*Exercise objective*.
Reproduce each entry exactly as written.

*Material provided*.
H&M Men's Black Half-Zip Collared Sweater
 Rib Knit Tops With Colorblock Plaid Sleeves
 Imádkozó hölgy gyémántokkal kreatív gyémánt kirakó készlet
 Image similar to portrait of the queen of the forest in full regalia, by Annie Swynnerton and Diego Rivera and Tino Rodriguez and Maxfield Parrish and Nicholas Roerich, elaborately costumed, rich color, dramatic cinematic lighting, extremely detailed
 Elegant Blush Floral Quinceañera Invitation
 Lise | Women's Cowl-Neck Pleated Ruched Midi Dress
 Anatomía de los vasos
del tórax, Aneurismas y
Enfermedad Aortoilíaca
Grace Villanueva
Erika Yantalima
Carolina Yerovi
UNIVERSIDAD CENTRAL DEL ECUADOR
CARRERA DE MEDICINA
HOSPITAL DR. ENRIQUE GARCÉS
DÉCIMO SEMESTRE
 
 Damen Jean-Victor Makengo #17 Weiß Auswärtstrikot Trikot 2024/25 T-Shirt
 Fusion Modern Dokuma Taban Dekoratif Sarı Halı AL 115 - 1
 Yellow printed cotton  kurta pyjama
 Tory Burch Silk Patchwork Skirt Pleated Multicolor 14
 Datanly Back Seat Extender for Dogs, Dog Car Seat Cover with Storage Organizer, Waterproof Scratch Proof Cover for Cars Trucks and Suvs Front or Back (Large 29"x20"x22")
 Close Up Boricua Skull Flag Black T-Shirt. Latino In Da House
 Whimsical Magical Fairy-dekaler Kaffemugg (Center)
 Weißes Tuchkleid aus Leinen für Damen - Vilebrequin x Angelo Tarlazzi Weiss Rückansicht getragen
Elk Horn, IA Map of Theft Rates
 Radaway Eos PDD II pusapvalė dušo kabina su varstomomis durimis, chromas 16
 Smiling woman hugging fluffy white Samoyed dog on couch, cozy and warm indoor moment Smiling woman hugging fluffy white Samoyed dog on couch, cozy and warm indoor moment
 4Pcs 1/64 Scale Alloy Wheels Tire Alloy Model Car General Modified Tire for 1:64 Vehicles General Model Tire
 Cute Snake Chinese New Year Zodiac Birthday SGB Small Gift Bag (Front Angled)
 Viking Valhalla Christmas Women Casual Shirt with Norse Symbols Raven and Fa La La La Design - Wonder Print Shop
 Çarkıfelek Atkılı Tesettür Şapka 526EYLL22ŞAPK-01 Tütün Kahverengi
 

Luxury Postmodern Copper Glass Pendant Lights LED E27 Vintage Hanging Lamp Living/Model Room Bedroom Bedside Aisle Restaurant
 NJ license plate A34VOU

*Completed exercise*.
H&M Men's Black Half-Zip Collared Sweater
 Rib Knit Tops With Colorblock Plaid Sleeves
 Imádkozó hölgy gyémántokkal kreatív gyémánt kirakó készlet
 Image similar to portrait of the queen of the forest in full regalia, by Annie Swynnerton and Diego Rivera and Tino Rodriguez and Maxfield Parrish and Nicholas Roerich, elaborately costumed, rich color, dramatic cinematic lighting, extremely detailed
 Elegant Blush Floral Quinceañera Invitation
 Lise | Women's Cowl-Neck Pleated Ruched Midi Dress
 Anatomía de los vasos
del tórax, Aneurismas y
Enfermedad Aortoilíaca
Grace Villanueva
Erika Yantalima
Carolina Yerovi
UNIVERSIDAD CENTRAL DEL ECUADOR
CARRERA DE MEDICINA
HOSPITAL DR. ENRIQUE GARCÉS
DÉCIMO SEMESTRE
 
 Damen Jean-Victor Makengo #17 Weiß Auswärtstrikot Trikot 2024/25 T-Shirt
 Fusion Modern Dokuma Taban Dekoratif Sarı Halı AL 115 - 1
 Yellow printed cotton  kurta pyjama
 Tory Burch Silk Patchwork Skirt Pleated Multicolor 14
 Datanly Back Seat Extender for Dogs, Dog Car Seat Cover with Storage Organizer, Waterproof Scratch Proof Cover for Cars Trucks and Suvs Front or Back (Large 29"x20"x22")
 Close Up Boricua Skull Flag Black T-Shirt. Latino In Da House
 Whimsical Magical Fairy-dekaler Kaffemugg (Center)
 Weißes Tuchkleid aus Leinen für Damen - Vilebrequin x Angelo Tarlazzi Weiss Rückansicht getragen
Elk Horn, IA Map of Theft Rates
 Radaway Eos PDD II pusapvalė dušo kabina su varstomomis durimis, chromas 16
 Smiling woman hugging fluffy white Samoyed dog on couch, cozy and warm indoor moment Smiling woman hugging fluffy white Samoyed dog on couch, cozy and warm indoor moment
 4Pcs 1/64 Scale Alloy Wheels Tire Alloy Model Car General Modified Tire for 1:64 Vehicles General Model Tire
 Cute Snake Chinese New Year Zodiac Birthday SGB Small Gift Bag (Front Angled)
 Viking Valhalla Christmas Women Casual Shirt with Norse Symbols Raven and Fa La La La Design - Wonder Print Shop
 Çarkıfelek Atkılı Tesettür Şapka 526EYLL22ŞAPK-01 Tütün Kahverengi
 

Luxury Postmodern Copper Glass Pendant Lights LED E27 Vintage Hanging Lamp Living/Model Room Bedroom Bedside Aisle Restaurant
 NJ license plate A34VOU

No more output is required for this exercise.